Allemagne : Des salaires de misère... dans un des pays les plus riches du monde20/01/20122012Journal/medias/journalnumero/images/2012/01/une2268.jpg.445x577_q85_box-0%2C104%2C1383%2C1896_crop_detail.jpg

Dans le monde

Allemagne : Des salaires de misère... dans un des pays les plus riches du monde

Médias et politiciens français s'extasient régulièrement sur ce qu'ils appellent le « miracle allemand ». Il est vrai que Destatis, l'équivalent de l'Insee, vient d'annoncer que, en 2011, le PIB de l'Allemagne aurait augmenté de 3 %, et que le chômage aurait à nouveau reculé. Ainsi, malgré la crise, tout irait pour le mieux dans le pays capitaliste le plus puissant d'Europe.

Tout va bien en effet pour les profits des patrons allemands, mais il n'en va pas de même pour ceux qui les produisent et qui ne profitent absolument pas de la bonne santé économique affichée. Plusieurs enquêtes récentes ont ainsi rappelé que 20 % de l'ensemble des salariés ne disposent que de très bas salaires, touchant moins de 10 euros brut de l'heure.

Cette situation est en partie liée à l'absence d'un salaire minimum légal correspondant au smic en France, et valable pour toutes les professions : il n'en existe un que dans une dizaine de branches professionnelles, comme le bâtiment ou le nettoyage industriel. Mais elle est due aussi aux lois Hartz, promulguées à l'époque du chancelier social-démocrate Schröder.

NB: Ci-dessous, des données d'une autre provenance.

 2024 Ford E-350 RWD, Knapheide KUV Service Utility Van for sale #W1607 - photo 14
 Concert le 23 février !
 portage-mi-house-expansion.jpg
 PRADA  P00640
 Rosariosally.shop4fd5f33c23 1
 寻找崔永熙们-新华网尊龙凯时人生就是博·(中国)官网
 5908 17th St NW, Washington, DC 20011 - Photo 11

Entre autres méfaits, elles obligent les salariés licenciés à accepter ensuite n'importe quel emploi, y compris dans une autre branche que la leur et plus mal payé. Tout cela pousse nombre de travailleurs à cumuler deux ou trois emplois sous-payés pour s'en sortir.

Par ailleurs une étude de l'Institut IAB, lié à l'Agence Fédérale pour l'Emploi, publiée en 2010, estime que 36 % des travailleurs à l'Ouest et 49 % à l'Est du pays travaillent dans des entreprises qui n'ont ni adhéré à une convention de branche ni même signé un accord d'entreprise. Résultat : les salaires y sont souvent inférieurs de 30 % à ceux pratiqués là où une convention s'applique.

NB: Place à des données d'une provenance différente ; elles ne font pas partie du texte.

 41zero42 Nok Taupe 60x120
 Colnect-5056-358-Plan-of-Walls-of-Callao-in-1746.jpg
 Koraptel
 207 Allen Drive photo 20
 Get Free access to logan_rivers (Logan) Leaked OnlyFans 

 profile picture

Mais même ceux qui sont couverts par un accord collectif ne sont pas assurés d'avoir des revenus corrects. Ainsi le salaire d'embauche d'un pâtissier s'élève en Bavière à 5,26 euros brut de l'heure. Pour les bouchers de Saxe comme pour les coiffeurs du Schleswig-Holstein, il est de 6 euros. Et dans de nombreuses activités, le niveau est inférieur à 8 euros : sécurité dans les aéroports, centres d'appels, nettoyage, agriculture, etc. En outre dans les régions de l'Est, plus de vingt ans après la réunification du pays, les salaires subissent toujours une décote par rapport à l'Ouest, dans le privé comme dans le public.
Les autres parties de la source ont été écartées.